*Work to be completed:*
Retype the material exactly, ending with the line containing "Gỗ Hóa Thạch Phong Thủy An Giang".

*Exercise materials:*
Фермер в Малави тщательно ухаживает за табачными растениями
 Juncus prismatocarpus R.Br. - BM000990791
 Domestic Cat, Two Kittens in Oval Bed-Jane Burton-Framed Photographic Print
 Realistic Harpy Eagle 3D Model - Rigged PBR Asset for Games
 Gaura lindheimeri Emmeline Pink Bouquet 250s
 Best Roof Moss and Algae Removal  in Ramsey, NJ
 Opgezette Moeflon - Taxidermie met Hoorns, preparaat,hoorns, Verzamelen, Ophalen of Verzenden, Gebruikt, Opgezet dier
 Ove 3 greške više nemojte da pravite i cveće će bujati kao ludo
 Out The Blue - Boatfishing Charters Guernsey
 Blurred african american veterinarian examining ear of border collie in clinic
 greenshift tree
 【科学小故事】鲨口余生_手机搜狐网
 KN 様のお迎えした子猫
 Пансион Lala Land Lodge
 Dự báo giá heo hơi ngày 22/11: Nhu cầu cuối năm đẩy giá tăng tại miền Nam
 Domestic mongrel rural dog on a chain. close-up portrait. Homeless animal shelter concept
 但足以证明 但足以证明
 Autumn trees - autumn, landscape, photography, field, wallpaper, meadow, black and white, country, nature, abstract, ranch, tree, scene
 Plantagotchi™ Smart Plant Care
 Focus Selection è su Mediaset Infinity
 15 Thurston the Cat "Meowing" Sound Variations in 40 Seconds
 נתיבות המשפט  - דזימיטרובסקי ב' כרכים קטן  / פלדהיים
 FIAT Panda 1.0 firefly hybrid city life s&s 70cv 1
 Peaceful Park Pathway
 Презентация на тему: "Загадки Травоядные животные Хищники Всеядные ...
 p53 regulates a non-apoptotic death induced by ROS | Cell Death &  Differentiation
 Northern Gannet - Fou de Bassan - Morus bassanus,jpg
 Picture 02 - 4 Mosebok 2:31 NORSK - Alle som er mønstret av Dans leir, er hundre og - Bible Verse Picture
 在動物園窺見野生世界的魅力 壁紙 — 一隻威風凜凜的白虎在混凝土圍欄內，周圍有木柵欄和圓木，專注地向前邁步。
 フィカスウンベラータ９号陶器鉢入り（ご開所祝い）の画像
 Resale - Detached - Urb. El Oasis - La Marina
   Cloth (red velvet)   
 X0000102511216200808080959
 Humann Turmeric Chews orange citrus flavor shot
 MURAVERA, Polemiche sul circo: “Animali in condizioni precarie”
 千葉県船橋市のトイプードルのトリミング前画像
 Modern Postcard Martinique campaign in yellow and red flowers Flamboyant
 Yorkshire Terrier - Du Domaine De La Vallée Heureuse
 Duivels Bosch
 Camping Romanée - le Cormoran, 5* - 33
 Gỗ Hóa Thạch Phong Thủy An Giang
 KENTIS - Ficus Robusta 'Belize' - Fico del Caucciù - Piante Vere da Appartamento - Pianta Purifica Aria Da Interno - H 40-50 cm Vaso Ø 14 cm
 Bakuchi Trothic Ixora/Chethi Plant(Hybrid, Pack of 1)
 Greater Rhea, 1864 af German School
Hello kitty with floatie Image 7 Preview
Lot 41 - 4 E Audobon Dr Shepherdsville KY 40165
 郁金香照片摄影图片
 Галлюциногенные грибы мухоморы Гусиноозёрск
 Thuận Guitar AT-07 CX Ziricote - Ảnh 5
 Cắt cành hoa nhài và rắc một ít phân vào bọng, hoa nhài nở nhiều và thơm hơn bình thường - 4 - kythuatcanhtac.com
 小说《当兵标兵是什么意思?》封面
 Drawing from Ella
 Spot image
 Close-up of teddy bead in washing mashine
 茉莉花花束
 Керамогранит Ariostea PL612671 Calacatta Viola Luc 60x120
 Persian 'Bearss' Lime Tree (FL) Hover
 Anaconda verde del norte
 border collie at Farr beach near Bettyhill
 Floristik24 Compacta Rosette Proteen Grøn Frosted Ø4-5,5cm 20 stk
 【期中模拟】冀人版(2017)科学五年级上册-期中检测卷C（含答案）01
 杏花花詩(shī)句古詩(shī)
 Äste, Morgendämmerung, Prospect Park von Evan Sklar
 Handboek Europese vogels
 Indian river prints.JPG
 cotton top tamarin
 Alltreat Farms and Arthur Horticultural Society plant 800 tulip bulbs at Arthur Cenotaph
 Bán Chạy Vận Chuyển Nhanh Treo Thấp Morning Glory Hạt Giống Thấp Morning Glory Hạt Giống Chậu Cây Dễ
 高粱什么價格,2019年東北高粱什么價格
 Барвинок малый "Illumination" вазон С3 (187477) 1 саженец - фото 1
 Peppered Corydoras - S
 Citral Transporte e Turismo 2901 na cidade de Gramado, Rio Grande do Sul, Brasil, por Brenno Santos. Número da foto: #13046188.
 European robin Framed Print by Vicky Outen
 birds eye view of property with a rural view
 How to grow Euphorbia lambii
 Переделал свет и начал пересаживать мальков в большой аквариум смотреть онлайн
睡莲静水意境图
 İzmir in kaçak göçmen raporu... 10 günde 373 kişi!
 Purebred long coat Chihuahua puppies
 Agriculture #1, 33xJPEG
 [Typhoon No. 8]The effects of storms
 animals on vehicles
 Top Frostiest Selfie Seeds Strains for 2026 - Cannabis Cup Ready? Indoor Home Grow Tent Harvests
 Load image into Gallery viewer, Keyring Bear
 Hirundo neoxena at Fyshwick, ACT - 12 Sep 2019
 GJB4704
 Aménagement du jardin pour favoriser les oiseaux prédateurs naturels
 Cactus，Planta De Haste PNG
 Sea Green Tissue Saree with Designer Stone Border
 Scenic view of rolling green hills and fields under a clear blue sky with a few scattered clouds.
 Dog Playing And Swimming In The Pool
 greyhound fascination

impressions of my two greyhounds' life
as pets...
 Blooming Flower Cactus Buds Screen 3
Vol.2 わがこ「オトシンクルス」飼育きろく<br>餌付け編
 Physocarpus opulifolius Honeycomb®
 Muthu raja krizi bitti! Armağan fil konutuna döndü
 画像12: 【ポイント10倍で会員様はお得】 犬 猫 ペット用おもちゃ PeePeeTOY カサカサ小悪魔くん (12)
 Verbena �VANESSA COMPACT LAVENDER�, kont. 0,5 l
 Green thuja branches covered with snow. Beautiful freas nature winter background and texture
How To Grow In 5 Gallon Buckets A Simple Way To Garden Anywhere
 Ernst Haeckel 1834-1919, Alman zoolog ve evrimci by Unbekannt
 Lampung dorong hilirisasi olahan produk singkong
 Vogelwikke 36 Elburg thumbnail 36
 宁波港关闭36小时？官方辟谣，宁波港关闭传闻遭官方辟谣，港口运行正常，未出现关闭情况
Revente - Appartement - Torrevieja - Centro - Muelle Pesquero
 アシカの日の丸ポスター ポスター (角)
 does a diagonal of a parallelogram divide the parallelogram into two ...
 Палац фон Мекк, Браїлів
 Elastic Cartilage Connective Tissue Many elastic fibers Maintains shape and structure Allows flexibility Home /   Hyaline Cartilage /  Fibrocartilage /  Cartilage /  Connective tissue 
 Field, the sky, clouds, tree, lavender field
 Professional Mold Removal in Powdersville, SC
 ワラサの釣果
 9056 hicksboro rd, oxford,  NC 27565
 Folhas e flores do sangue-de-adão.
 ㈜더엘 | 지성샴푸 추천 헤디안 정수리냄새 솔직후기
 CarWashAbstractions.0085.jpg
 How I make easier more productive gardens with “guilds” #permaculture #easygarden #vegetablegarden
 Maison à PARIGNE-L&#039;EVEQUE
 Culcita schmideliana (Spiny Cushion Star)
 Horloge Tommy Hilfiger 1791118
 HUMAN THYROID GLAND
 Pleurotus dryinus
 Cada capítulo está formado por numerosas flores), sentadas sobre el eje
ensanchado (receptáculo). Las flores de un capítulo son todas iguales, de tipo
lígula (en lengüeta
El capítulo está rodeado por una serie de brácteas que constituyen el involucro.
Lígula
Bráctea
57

*Solution:*
Фермер в Малави тщательно ухаживает за табачными растениями
 Juncus prismatocarpus R.Br. - BM000990791
 Domestic Cat, Two Kittens in Oval Bed-Jane Burton-Framed Photographic Print
 Realistic Harpy Eagle 3D Model - Rigged PBR Asset for Games
 Gaura lindheimeri Emmeline Pink Bouquet 250s
 Best Roof Moss and Algae Removal  in Ramsey, NJ
 Opgezette Moeflon - Taxidermie met Hoorns, preparaat,hoorns, Verzamelen, Ophalen of Verzenden, Gebruikt, Opgezet dier
 Ove 3 greške više nemojte da pravite i cveće će bujati kao ludo
 Out The Blue - Boatfishing Charters Guernsey
 Blurred african american veterinarian examining ear of border collie in clinic
 greenshift tree
 【科学小故事】鲨口余生_手机搜狐网
 KN 様のお迎えした子猫
 Пансион Lala Land Lodge
 Dự báo giá heo hơi ngày 22/11: Nhu cầu cuối năm đẩy giá tăng tại miền Nam
 Domestic mongrel rural dog on a chain. close-up portrait. Homeless animal shelter concept
 但足以证明 但足以证明
 Autumn trees - autumn, landscape, photography, field, wallpaper, meadow, black and white, country, nature, abstract, ranch, tree, scene
 Plantagotchi™ Smart Plant Care
 Focus Selection è su Mediaset Infinity
 15 Thurston the Cat "Meowing" Sound Variations in 40 Seconds
 נתיבות המשפט  - דזימיטרובסקי ב' כרכים קטן  / פלדהיים
 FIAT Panda 1.0 firefly hybrid city life s&s 70cv 1
 Peaceful Park Pathway
 Презентация на тему: "Загадки Травоядные животные Хищники Всеядные ...
 p53 regulates a non-apoptotic death induced by ROS | Cell Death &  Differentiation
 Northern Gannet - Fou de Bassan - Morus bassanus,jpg
 Picture 02 - 4 Mosebok 2:31 NORSK - Alle som er mønstret av Dans leir, er hundre og - Bible Verse Picture
 在動物園窺見野生世界的魅力 壁紙 — 一隻威風凜凜的白虎在混凝土圍欄內，周圍有木柵欄和圓木，專注地向前邁步。
 フィカスウンベラータ９号陶器鉢入り（ご開所祝い）の画像
 Resale - Detached - Urb. El Oasis - La Marina
   Cloth (red velvet)   
 X0000102511216200808080959
 Humann Turmeric Chews orange citrus flavor shot
 MURAVERA, Polemiche sul circo: “Animali in condizioni precarie”
 千葉県船橋市のトイプードルのトリミング前画像
 Modern Postcard Martinique campaign in yellow and red flowers Flamboyant
 Yorkshire Terrier - Du Domaine De La Vallée Heureuse
 Duivels Bosch
 Camping Romanée - le Cormoran, 5* - 33
 Gỗ Hóa Thạch Phong Thủy An Giang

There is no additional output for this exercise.